To validate the uploaded file we have created the following helper functions: 

```python
# Function to check if a file is a CSV
def is_csv_file(filename):
    return filename.lower().endswith('.csv')

# Function to validate the CSV format
def validate_csv(file):
    try:
        data = pd.read_csv(file)
        required_columns = ['Date', 'Close']
        missing_columns = [col for col in required_columns if col not in data.columns]
        
        if missing_columns:
            return f"Missing columns: {', '.join(missing_columns)}"
        
        # Check if there is enough data
        if data.shape[0] < 2:
            return "Not enough data for training. The CSV file must contain at least 2 rows."

        return None
    except pd.errors.EmptyDataError:
        return "The CSV file is empty."
    except Exception as e:
        return f"An error occurred during validation: {str(e)}"

```

Next we have defined the clean_data route and the corresponding function. The function first uses the helper functions to validate the uploaded file. Once the file has been validated, it uses makes a grpc request to the data server using the stub and lastly returns the values as json. Below you can see the code for the clean_data route: 

```python

@app.route('/clean_data', methods=['POST'])
def clean_data():
    if 'csv_file' not in request.files:
        return jsonify({'error': 'No file part in the request'}), 400

    file = request.files['csv_file']
    
    if file.filename == '':
        return jsonify({'error': 'No selected file'}), 400

    if not is_csv_file(file.filename):
        return jsonify({'error': 'Invalid file format. Only CSV files are allowed.'}), 400

    # Validate the CSV file format
    validation_error = validate_csv(file)
    if validation_error:
        return jsonify({'error': validation_error}), 400

    try:
        # Read file content for gRPC request
        file.seek(0)  # Reset file pointer to start
        csv_content = file.read()
        
        # Use gRPC to clean the data
        with grpc.insecure_channel('localhost:8080') as channel:
            stub = data_pb2_grpc.DataServiceStub(channel)
            request_data = data_pb2.DataRequest(csv_content=csv_content)
            response = stub.CleanData(request_data)
            
            # Prepare cleaned data for response
            cleaned_data = {
                'x_train': list(response.x_train),
                'x_test': list(response.x_test),
                'y_train': list(response.y_train),
                'y_test': list(response.y_test),
                'dates_train': list(response.dates_train),
                'dates_test': list(response.dates_test)
            }
            
            return jsonify(cleaned_data)
    except grpc.RpcError as e:
        return jsonify({'error': f'RPC failed: {e.code()} - {e.details()}'}), 500
    except Exception as e:
        return jsonify({'error': f'An error occurred: {str(e)}'}), 500

```
Once the csv file has been validated you can see that the process is quite similar to that of the CLI client. This also holds true for the testing and the training.

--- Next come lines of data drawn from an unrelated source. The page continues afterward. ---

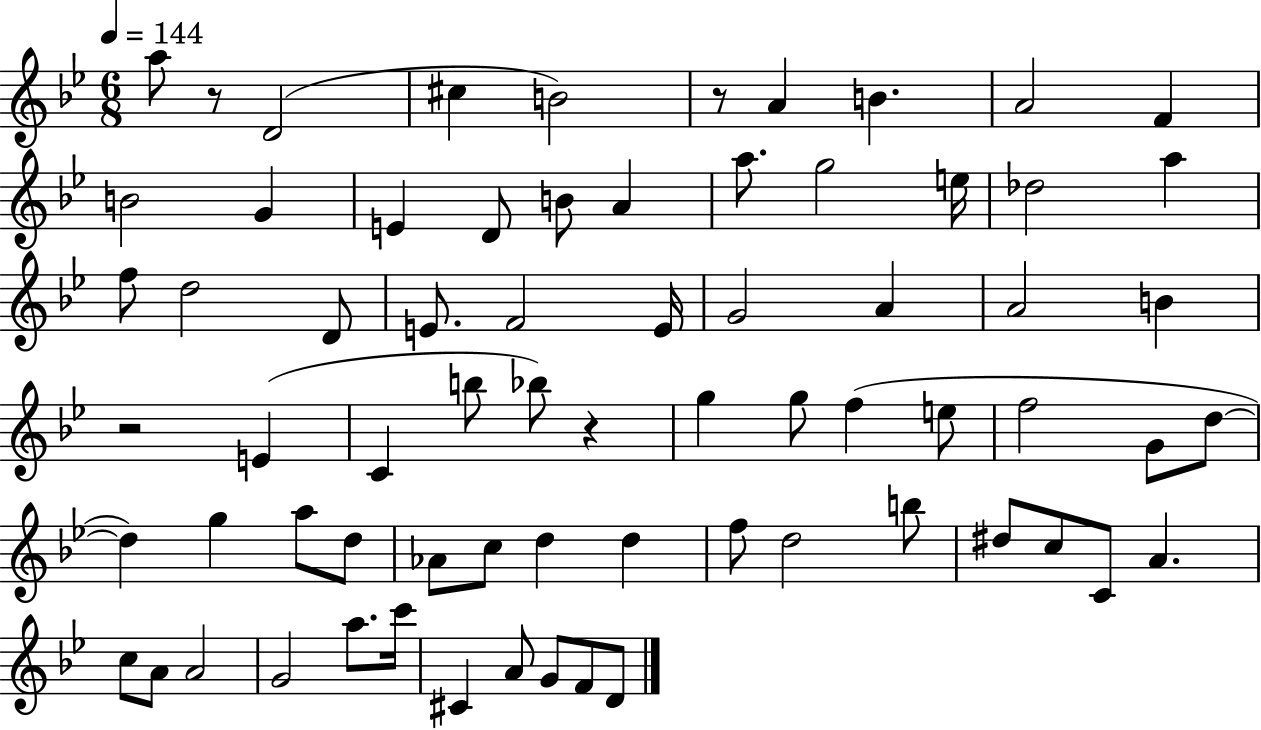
X:1
T:Untitled
M:6/8
L:1/4
K:Bb
a/2 z/2 D2 ^c B2 z/2 A B A2 F B2 G E D/2 B/2 A a/2 g2 e/4 _d2 a f/2 d2 D/2 E/2 F2 E/4 G2 A A2 B z2 E C b/2 _b/2 z g g/2 f e/2 f2 G/2 d/2 d g a/2 d/2 _A/2 c/2 d d f/2 d2 b/2 ^d/2 c/2 C/2 A c/2 A/2 A2 G2 a/2 c'/4 ^C A/2 G/2 F/2 D/2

We define routes for the testing and training separatly, and then we simply retreive the necessary values from the request, and use the stub to call the relevant function. If you take a look at the app.py file in the "4. communication using grpc and protobuffers\example\client" directory, you can see how the entire app has been implemented. We have also created an index.html file which specifies how the ui should look. This file can be found in the templates folder. If you run the app you can test out the UI and the pipeline. You should see the plot of the testing as output.